Bucharest manifesto no.3
As if it was a collage, I have cut out the area from the 1970 plan and pasted it in the contemporary context. Taking into account that all around the scale, space, appearance of the city changed dramatically, we are dealing with a re-contextualisation. The site has been displaced in time, not in space. Using the old traces, I will imagine a fragment from a contemporary Bucharest and mark a moment of collective memory, which is bound to the drama of mass-modernisation.
Along the boulevard, the action through which the People’s House and the Unirii Boulevard came into existence have to be expressed physically. The marker that has appeared on the plan brings light on something evident (the cut through the city) but which, due to the scale and function of the buildings surrounding the site, has been made difficult to read. The marker is aligned to the boulevard and does not consider the traces of the past over which it has been laid on. We shall call it the Museum. The old streets come back into existence and become the spatial matrix of the new development. These intersect directly the boundaries of the site, the side-walks of the neighbouring boulevards. By keeping the footprint of the old urban islands, I will try both a memory-linked exercise and an overview on the potential of this old structure to generate contemporary scale buildings and spaces.

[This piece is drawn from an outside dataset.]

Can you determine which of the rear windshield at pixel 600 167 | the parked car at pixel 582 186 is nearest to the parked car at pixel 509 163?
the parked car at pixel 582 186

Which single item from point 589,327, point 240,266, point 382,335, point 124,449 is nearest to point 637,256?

Around the museum, the space remains clear of further building. The footprints of the old houses will generate the public space around. On the place of the former Bradul Staicu Church, a new one is proposed to be built. The fragments of the old urban structure too small to be built will serve as places for public/street art. The extent of the old urban islands will give the new building limits. The new building plots have a completely different scale. Each urban island will indicate a building. The content is new, as well as the typologies of the new buildings. The only rule is that the buildings must have un-mediated contact with the public space of which form they define. Because of the time elapsed the contours are not sharp anymore, they have been polished, as the stones in a riverbed. The new formed cluster will have a vehicle access on the footprint of former Cernișoara Street. The rest of the streets will be pedestrian with service access only, while the remaining spaces of the islands will be pedestrian only. A big public space – both mineral and vegetal – is formed around the museum.
The huge scale of destruction left the city frozen and without a vision for the future. The blocks of flats that flank the boulevard have an anaesthetic effect, hiding this truth. The place has to be marked with a building that steps out of this register in order to be recognised as such and serve as a landmark for the future development. The new building will be completely opaque towards the boulevard. The former Asau Street intersects the proposed sign, cuts it and creates the accesses to the building.
From the access space, we can perceive on the right hand side the boulevard and on the left hand side the new urban cluster (here represented as a white cut-off. The building is like a wall that separates interior from exterior – here it delineates a recent future from a recent past.
On ground floor, from the Asau Street the Museum can be accessed as indicated by the arrow. Following the foyer, we enter the first museum room. It is a long, high space – a ramp that climbs up to the first level. In this space, the climbing of the ramp tells the story of the achievements through mass modernization, which took place in the second half of the past century.
The high sky-lighted space tells about the real expectations driving the propaganda, expectations that were the main force behind the modernisation. The space will be finished in exposed concrete in order to look both neutral and raw.
The end of the ramp marks the end of the modernization progress and the beginning of a Romanian post-modernization. The glass wall at the end of the building (left hand side of the drawing) directs the view towards the boulevard and the real symbol of the post-modern Romania – The People’s House. The path continues through a narrow, high side slot into a more obscure space – that of the sacrifices made to achieve the progress exposed on our way here. It is a long path marked in the middle by a breathing area from where we can see once again the city and the hall on the ground floor.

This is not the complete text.